Wie in allen Kirchen sei die Anzahl derer, die sich einbringen, rückläufig; immer weniger Menschen wollten Pfarrer werden, daher hieß es nach dem Ausscheiden aus dem Amt von Frau Kastens neue Wege zu gehen. Etwa zeitgleich wurde in Deilinghofen die Stelle des Gemeindepfarrers vakant. Man entschloss sich, diesen neuen Weg gemeinsam zu gehen. Auch, weil so zwei 100% Stellen zur Verfügung gestellt würden, erklärt Körber.
Allerdings mit einer kleinen aber entscheidenden Einschränkung: eine Stelle ist die eines Pfarrers, eine die eines Gemeindepä­dagogen. Ob dies wirklich eine Einschränkung sein muss, wird die Zeit zeigen.
Jedenfalls habe man sich entschlossen die Stellen so aufzuteilen, dass jeder Ort „ein Gesicht“ erhalte. So arbeitet im „interprofessionellen Pastoralteam“, wie sich das Gespann aus Gemeindepfarrer und Gemeindepädagogen im Kirchendeutsch nennt, Pfarrer Thomas Ehlert vornehmlich in Deilinghofen, während Sven Körber in Balve verantwortlich zeichnet.
Dass Ehefrau Doreen Wahl als Jugendreferentin in Balve angestellt ist, ist eine weitere Besonderheit. Das Presbyterium, dass unter der Leitung von Lars Beuter aus Ehrenamtlichen bestehe, die die Kirchengeschicke leiten, habe sich für eine Eigenfinanzierung der Stelle entschieden: „Weil ihnen die Jugendarbeit so wichtig ist“, betont Wahl.
Interessant in dem Zusammenhang: Während ein Pfarrer als geborenes Mitglied des Presbyteriums ein Stimmrecht hat, bleibt dies Körber als Gemeindepädagogen verwehrt. Allerding sei er beratendes Mitglied. „So weit ist die evangelische Kirche dann auch noch nicht“, sagt Jugendreferentin Wahl zu diesem Umstand.
Lässig gekleidet in Hoodie und Jeans erzählt Körber von seinen Aufgaben. Er komme aus dem CVJM-Bereich und sei daher geprägt von Gruppenarbeit. Antje Kastens habe hier einen anderen Ansatz verfolgt, den er aber persönlich auch sehr spannend finde. Für sie sei besonders die Einzelperson in den Fokus gerückt. Vier bis fünf Hausbesuche in der Woche seien da keine Seltenheit gewesen. Hier gehe es um Seelsorge oder Trauerbegleitung.

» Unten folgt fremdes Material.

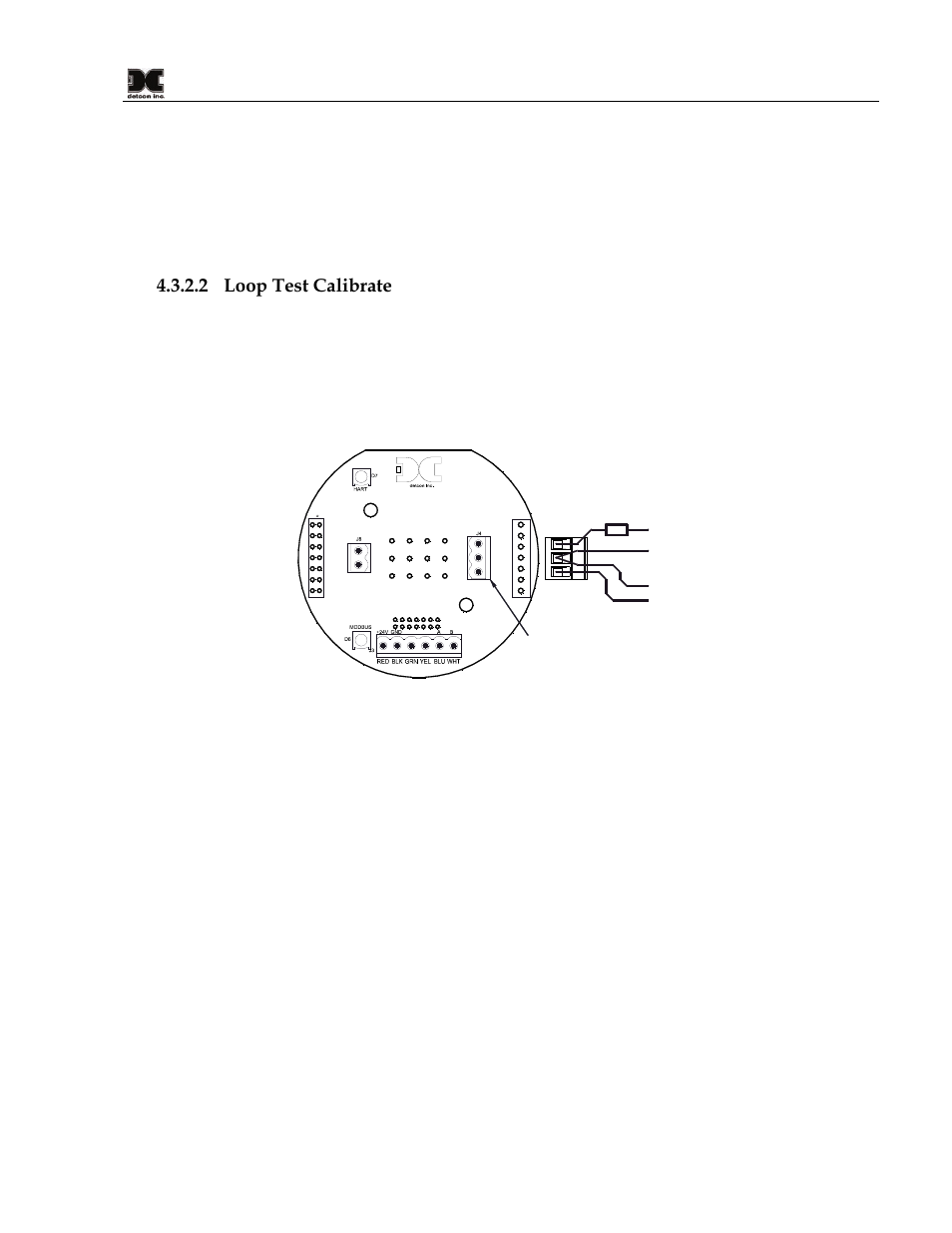 2 loop test calibrate, Figure 9 dvm connection, D/a trim | Detcon 700 HRT Bridge User Manual | Page 17 / 22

Es gebe aber auch einen Besuchsdienst von Ehrenamtlichen, die die ab 80-Jährigen anlässlich ihres Geburtstags besuchen. Bei diesen Gelegenheiten lerne man viel über die Menschen. „Unser Ziel ist, dass Menschen hier hinkommen und sich wohlfühlen.“
Wenn Körber von Protestanten in Balve spricht, benutzt er das Wort Diaspora. Ursprünglich meinte das Wort die jüdischen Siedlungen, die nach dem Untergang des Reiches Juda im Babylonischen Exil entstanden. Körber spielt hier auf die Unterpräsenz der evangelischen Gemeinde in Balve an. „Unsere evangelische Gemeinde ist kleiner als jede katholische Gemeinde auf den Dörfern“. Historisch gewachsen, nennt man das wohl. Christian Linder würde sagen: „Balve ist so schwarz, dass man tagsüber das Licht anmachen muss“.

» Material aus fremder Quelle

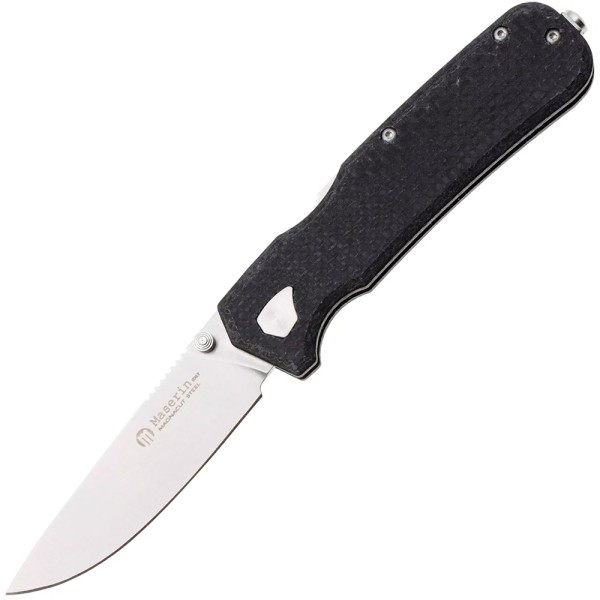 Нож Maserin Pulse, Magnacut, Micarta, черный, 630/MCN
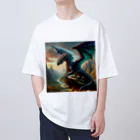 ヤオガミショップの竜の覇者シリーズ Oversized T-Shirt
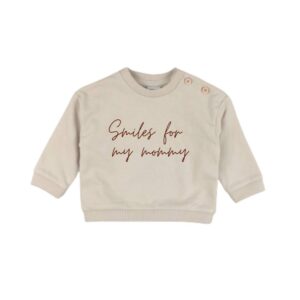 Sweater smiles for my mommy beige - Mama en ik outfit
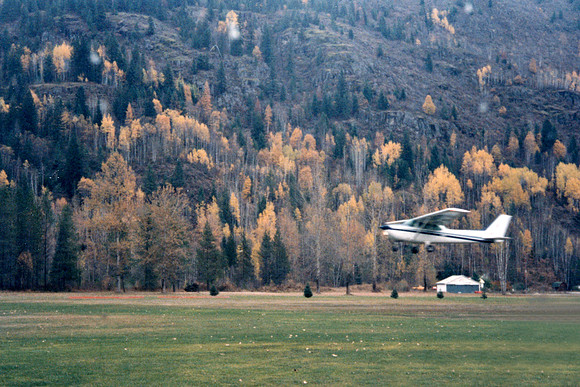 Taking Off From Salmo Golfport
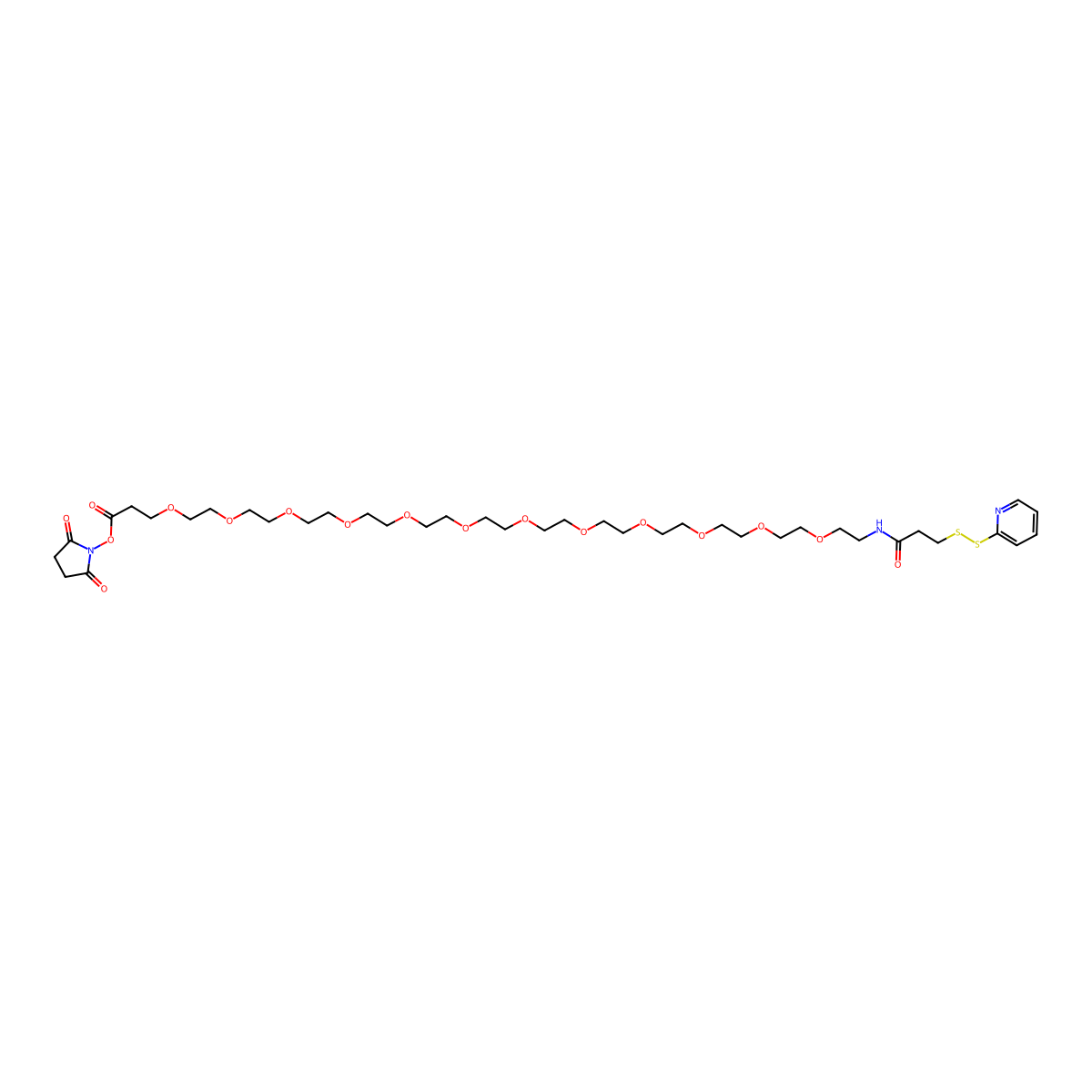 SPDP-PEG12-NHS ester molecular structure, CAS 2601437-72-1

Doch die Außenseiterrolle schreckt ihn nicht ab. Er und seine Frau wohnen in Deilinghofen, das früher zum Königreich Preußen gehörte und damit eher evangelisch geprägt im krassen Gegensatz zum kurkölnischen und erzkatholischen Balve steht. Auf die Frage, warum man unter diesen Umständen ausgerechnet die pfarrliche Verbindung Balve/Deilinghofen gewählt habe, hat das Ehepaar eine profane Antwort: Die Stellen mussten relativ zeitgleich besetzt werden.
Beide sehen allerdings auch die Schwierigkeiten, die die Verbindung birgt. „Es gibt für die Kinder nicht mal eine Busverbindung“. Von daher wirkt es erstmal wie die richtige Entscheidung durch die Installation jeweils eines Hauptamtlichen in Deilinghofen und Balve eine gewisse Autarkie zu gewährleisten, auch wenn man natürlich die Zusammenarbeit beider Gemeinden forcieren wolle, beispielsweise durch Gastpredigten.
Was für Katholiken schwierig nachvollziehbar sein dürfte: Was befähigt einen Gemeindepädagogen und somit einen vermeintlichen Laien die pastoralen Aufgaben zu übernehmen? Bevor er nach Balve kam, habe Körber bei der Evangelischen Kirche Westfalen gearbeitet. Im Rahmen dieser Tätigkeit habe er viele Fortbildungen besucht, die ihn qualifizierten die pastoralen Tätigkeiten zu erfüllen.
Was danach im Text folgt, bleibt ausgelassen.